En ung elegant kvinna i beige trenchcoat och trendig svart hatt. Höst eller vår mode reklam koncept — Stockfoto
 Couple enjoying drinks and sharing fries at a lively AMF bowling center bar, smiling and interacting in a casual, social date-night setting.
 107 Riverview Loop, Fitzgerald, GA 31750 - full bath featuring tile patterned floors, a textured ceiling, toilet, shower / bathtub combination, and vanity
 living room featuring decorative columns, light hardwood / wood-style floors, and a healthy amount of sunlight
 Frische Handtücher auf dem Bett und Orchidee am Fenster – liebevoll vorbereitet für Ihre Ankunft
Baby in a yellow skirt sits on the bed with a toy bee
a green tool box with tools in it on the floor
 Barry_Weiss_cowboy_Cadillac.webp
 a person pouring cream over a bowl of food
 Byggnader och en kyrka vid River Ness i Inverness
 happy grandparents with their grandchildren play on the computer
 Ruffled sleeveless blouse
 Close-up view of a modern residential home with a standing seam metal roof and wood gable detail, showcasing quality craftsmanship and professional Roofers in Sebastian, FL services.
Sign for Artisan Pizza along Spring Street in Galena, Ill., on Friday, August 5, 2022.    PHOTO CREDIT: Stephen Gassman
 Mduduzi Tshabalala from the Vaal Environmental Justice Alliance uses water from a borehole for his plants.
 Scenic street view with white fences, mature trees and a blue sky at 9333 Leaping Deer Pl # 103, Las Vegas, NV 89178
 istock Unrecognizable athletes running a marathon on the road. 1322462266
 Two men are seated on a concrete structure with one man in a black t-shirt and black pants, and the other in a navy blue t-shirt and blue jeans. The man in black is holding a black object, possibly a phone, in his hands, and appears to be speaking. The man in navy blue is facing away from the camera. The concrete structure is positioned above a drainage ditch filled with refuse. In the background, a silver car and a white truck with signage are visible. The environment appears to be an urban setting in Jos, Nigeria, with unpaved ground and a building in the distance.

__EXERCISE DIRECTIONS__. The lines above should be duplicated exactly.

__ANSWER TO THE EXERCISE__.
En ung elegant kvinna i beige trenchcoat och trendig svart hatt. Höst eller vår mode reklam koncept — Stockfoto
 Couple enjoying drinks and sharing fries at a lively AMF bowling center bar, smiling and interacting in a casual, social date-night setting.
 107 Riverview Loop, Fitzgerald, GA 31750 - full bath featuring tile patterned floors, a textured ceiling, toilet, shower / bathtub combination, and vanity
 living room featuring decorative columns, light hardwood / wood-style floors, and a healthy amount of sunlight
 Frische Handtücher auf dem Bett und Orchidee am Fenster – liebevoll vorbereitet für Ihre Ankunft
Baby in a yellow skirt sits on the bed with a toy bee
a green tool box with tools in it on the floor
 Barry_Weiss_cowboy_Cadillac.webp
 a person pouring cream over a bowl of food
 Byggnader och en kyrka vid River Ness i Inverness
 happy grandparents with their grandchildren play on the computer
 Ruffled sleeveless blouse
 Close-up view of a modern residential home with a standing seam metal roof and wood gable detail, showcasing quality craftsmanship and professional Roofers in Sebastian, FL services.
Sign for Artisan Pizza along Spring Street in Galena, Ill., on Friday, August 5, 2022.    PHOTO CREDIT: Stephen Gassman
 Mduduzi Tshabalala from the Vaal Environmental Justice Alliance uses water from a borehole for his plants.
 Scenic street view with white fences, mature trees and a blue sky at 9333 Leaping Deer Pl # 103, Las Vegas, NV 89178
 istock Unrecognizable athletes running a marathon on the road. 1322462266
 Two men are seated on a concrete structure with one man in a black t-shirt and black pants, and the other in a navy blue t-shirt and blue jeans. The man in black is holding a black object, possibly a phone, in his hands, and appears to be speaking. The man in navy blue is facing away from the camera. The concrete structure is positioned above a drainage ditch filled with refuse. In the background, a silver car and a white truck with signage are visible. The environment appears to be an urban setting in Jos, Nigeria, with unpaved ground and a building in the distance.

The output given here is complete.